About this exercise: Transcribe, with complete accuracy, all of the entries below except for the pictures.

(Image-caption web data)
• • • • •

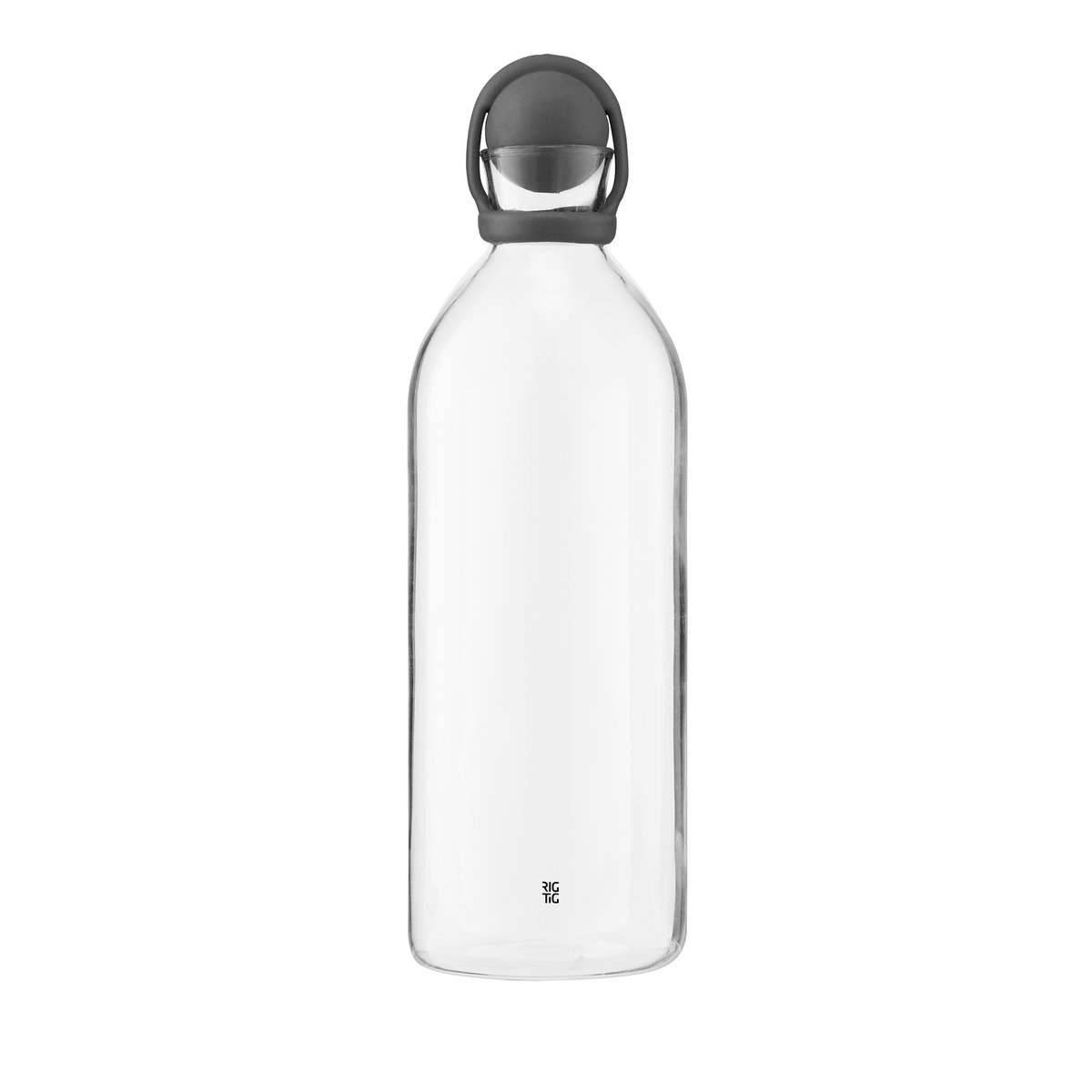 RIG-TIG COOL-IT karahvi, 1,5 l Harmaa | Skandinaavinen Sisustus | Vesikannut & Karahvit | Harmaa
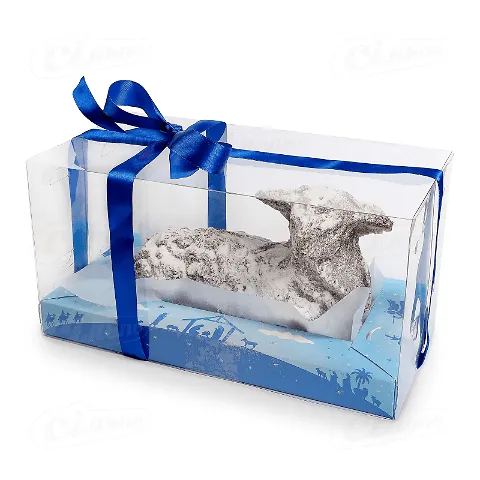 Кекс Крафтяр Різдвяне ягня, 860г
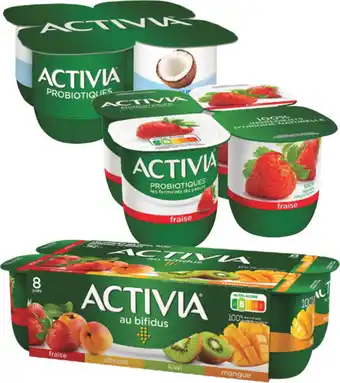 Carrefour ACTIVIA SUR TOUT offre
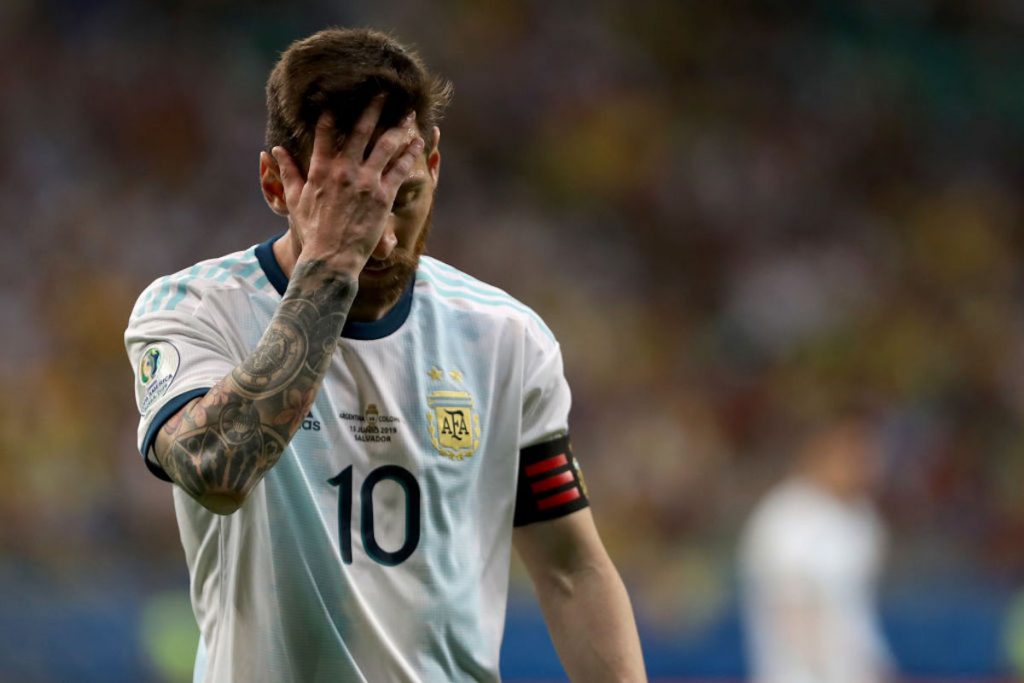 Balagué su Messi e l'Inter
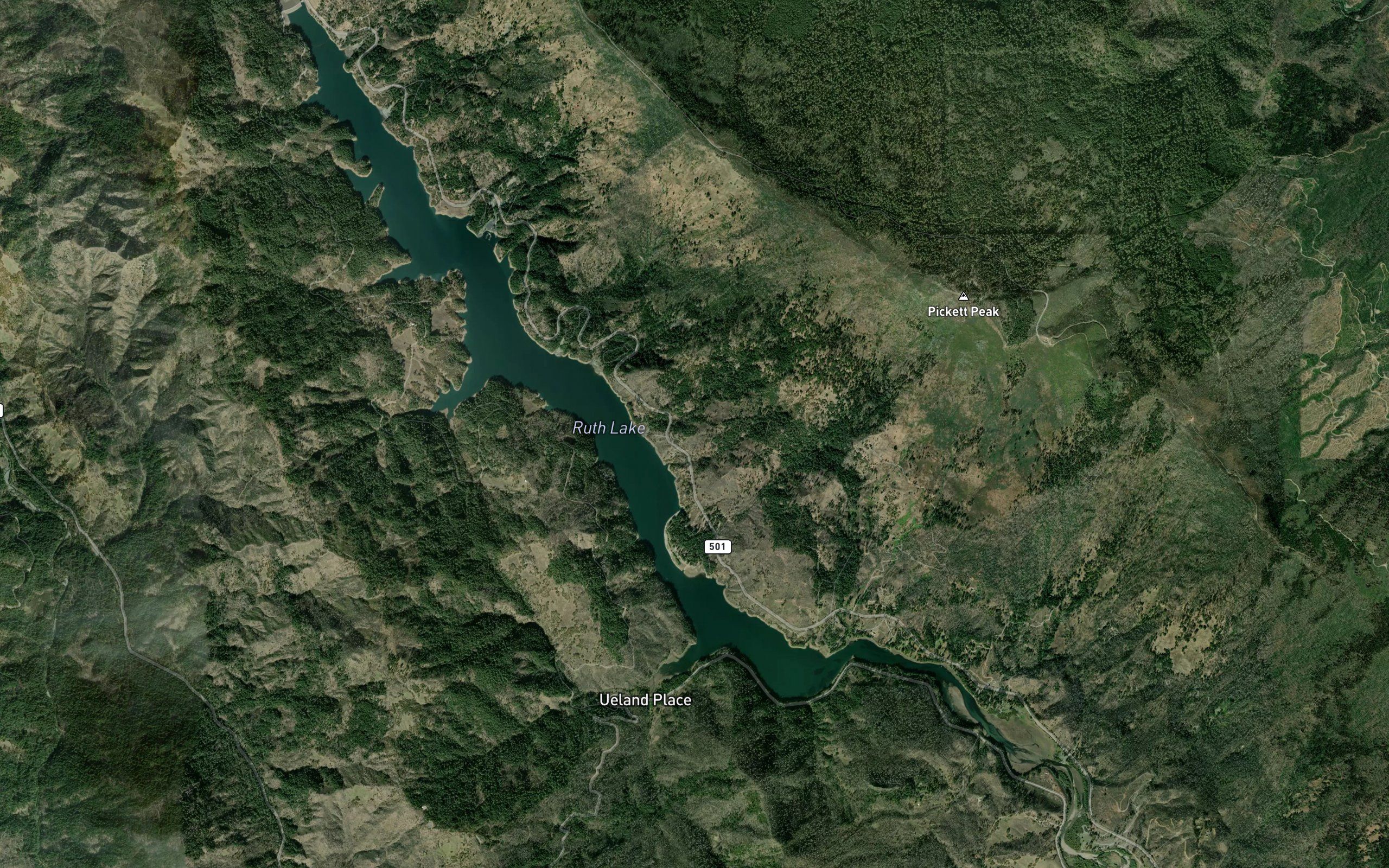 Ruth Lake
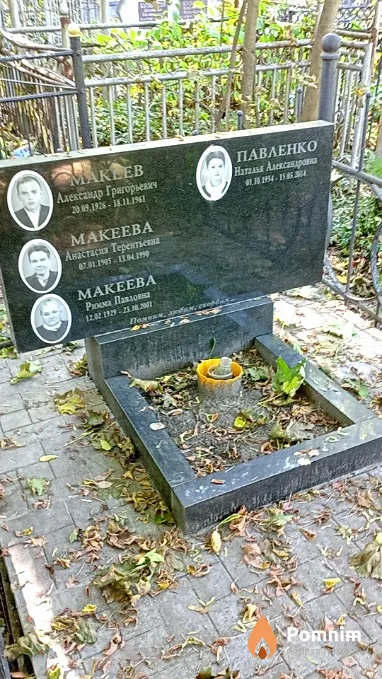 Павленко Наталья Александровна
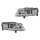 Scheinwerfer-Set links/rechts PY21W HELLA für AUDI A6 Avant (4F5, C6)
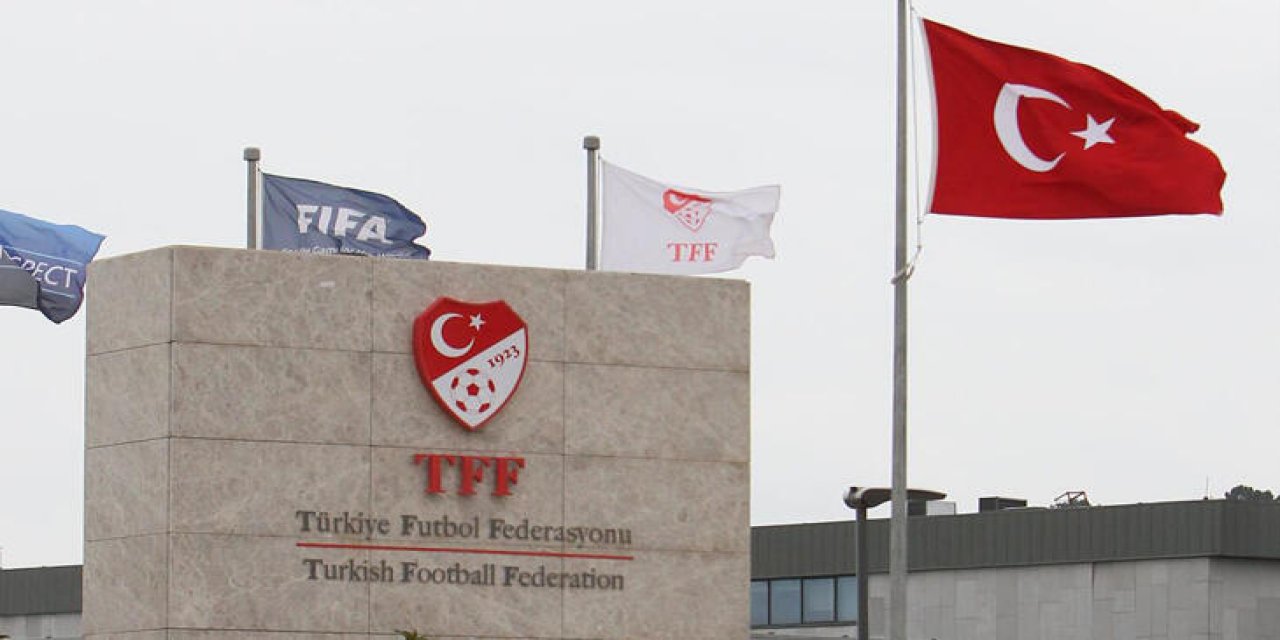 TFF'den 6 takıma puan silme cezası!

• • • • •

Problem solution:
 RIG-TIG COOL-IT karahvi, 1,5 l Harmaa | Skandinaavinen Sisustus | Vesikannut & Karahvit | Harmaa
 Кекс Крафтяр Різдвяне ягня, 860г
 Carrefour ACTIVIA SUR TOUT offre
 Balagué su Messi e l'Inter
 Ruth Lake
 Павленко Наталья Александровна
 Scheinwerfer-Set links/rechts PY21W HELLA für AUDI A6 Avant (4F5, C6)
 TFF'den 6 takıma puan silme cezası!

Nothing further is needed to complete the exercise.